Before she even knew what it meant, Janet Piercy was a performer.
“I wrote plays as a kid and organized the neighborhood kids doing shows,” she says. “I’d also play ‘priest,’ giving communion or marrying other kids. When we weren’t putting on a show or doing cheers, we would do ‘gymnastics’ on the swing set – hanging upside down, doing flips over the bars, jumping off the swings. It seems like I was always performing.”
When she wasn’t faking her way through gymnastics or the functions of a Catholic priest, young Janet Ankenbruck was singing along to show tune record albums. “I loved Julie Andrews,” she says. “I learned every song from Mary Poppins, The Sound of Music, My Fair Lady, Oklahoma!, all the classics.”
It wasn’t until her eighth grade year that she took the next step and made it real. “A neighbor girl took me to see Sing Out, Fort Wayne [a local subgroup of Up with People] perform at the outdoor Foellinger Theatre at Franke Park,” she says. “I wanted to sing and dance like those kids did, so I joined that summer. We learned all the songs and choreography, made our costumes. I eventually got to sing some solo numbers with the group.”
Then her parents took her to see My Fair Lady at the Wagon Wheel Playhouse, and that opened her up to a whole new aspect of performance.
Shortly thereafter, she used one of the show’s signature songs, “Wouldn’t It Be Loverly,” at her first community theater audition.
“My sister Margaret took me,” she says. “We auditioned at the Jefferson Center for the park board’s summer production of Mame at the Foellinger Theatre. I really had no idea what to expect. I sang my audition piece a cappella. The show starred Ann Colone, a local TV celebrity. Margaret and I were cast in the chorus. I loved every minute of that experience. I met wonderful people who I later did other shows with.”
Her experience in Mame got her hooked for life. Two years later she was appearing in North Side High School’s production of Oklahoma! She was cast in the chorus, but she was also asked to understudy Laurey, the female lead, who was played by an upperclassman. A pretty big deal for one of only a few sophomores in the cast.
She went on to earn a bachelor’s degree in music at Indiana University and a master of science in secondary education from IPFW. While in school, she performed extensively in theatrical productions, recitals and summer community theatre. She sings professionally for weddings, funerals, concerts and in musical revues. Overall, she has performed in over 50 stage productions to date, mainly in ingénue roles.
“Doing theatre takes a big commitment of time and energy,” she says. “Juggling your job and family commitments and still finding time for yourself is not easy.”
She did manage to find time for herself after the birth of her first child, playing Mabel in The Pirates of Penzance. “That role was very special to me,” she says. “I have also been blessed to get to do several shows with my husband or children, such as Lily in The Secret Garden, Marian in The Music Man and Edith in Never Too Late.”

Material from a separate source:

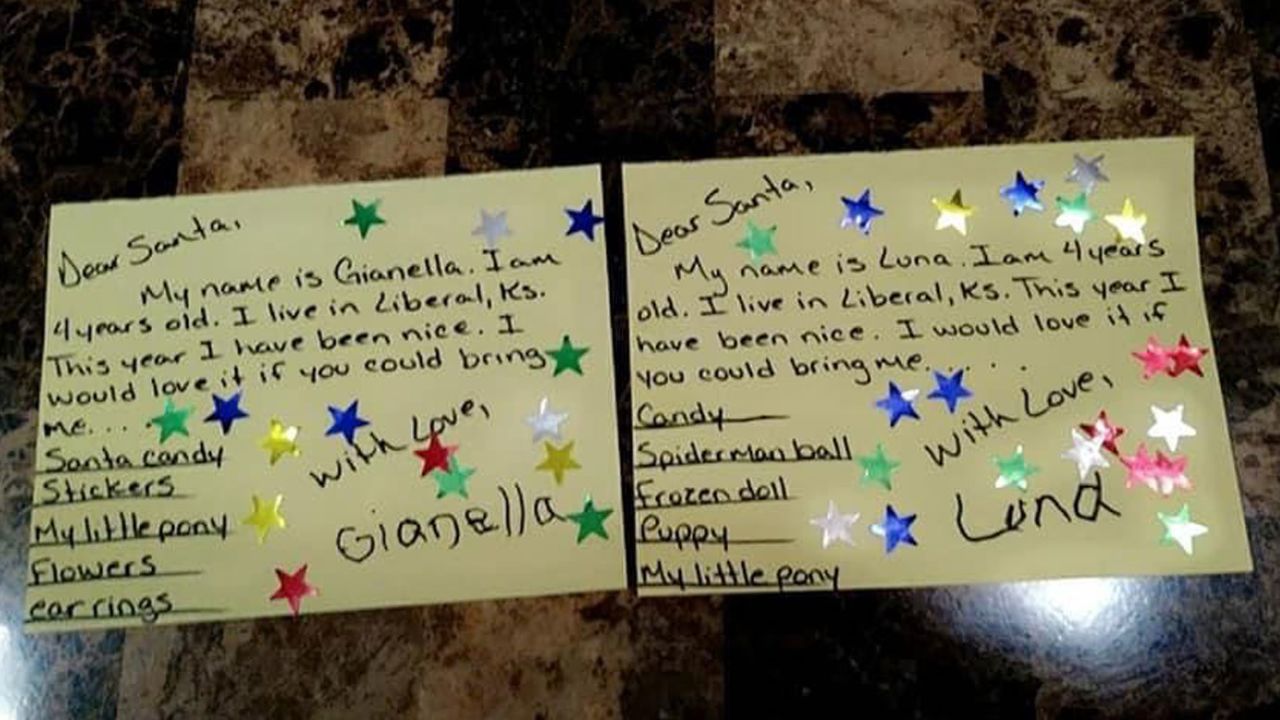 The twins' Christmas wish lists.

Her entire family appeared together in the 1999 Civic Theatre production of State Fair, for which Piercy won an Anthony Award.
Piercy has been a music educator for the past 37 years, teaching kids kindergarten to high school and directing choir concerts and mini musical productions. Her three children are grown now, and her oldest daughter, Elizabeth, has followed in her footsteps, having performed professionally for Disney Entertainment and Celebrity Cruise Lines and teaching voice in her own music studio.
Onstage, Piercy has graduated from ingénue roles to comic roles. “It seems like these days I’m [playing] everybody’s mom,” she says.
She has enjoyed her most recent acting challenge, Marlee in Touch & Go by Rebecca Cameron with the Fort Wayne Civic Theatre’s 6th annual Northeast Indiana Playwright Festival this summer. It was the “most serious and dramatic role” she’d ever played, she says.
As an accomplished musician and singer, she said she enjoyed stretching her acting muscles as Marlee. “What is always fun is taking words from a page and bringing them to life,” she says, “communicating with the other actors and with the audience through action and voice and facial expressions.”
Characters in musicals can sometimes be a bit over-the-top. But no matter what role she is performing, Piercy says she puts a lot of focus on genuineness. “No matter whether it’s a big musical or a small, personal play, I want the character I play to be a real person,” she says. “There has to be an honesty to them.”
Piercy also appreciates the opportunity to perform, acknowledging the wide range of competition in this city. “There are many talented actresses in Fort Wayne,” she says. “I would love to see more great roles for mature women written and performed.”
Nevertheless, she says, “I’m grateful that Fort Wayne has such a vibrant arts community. While I don’t get into every show I try out for, I am still able to enjoy performing on stage with some regularity.”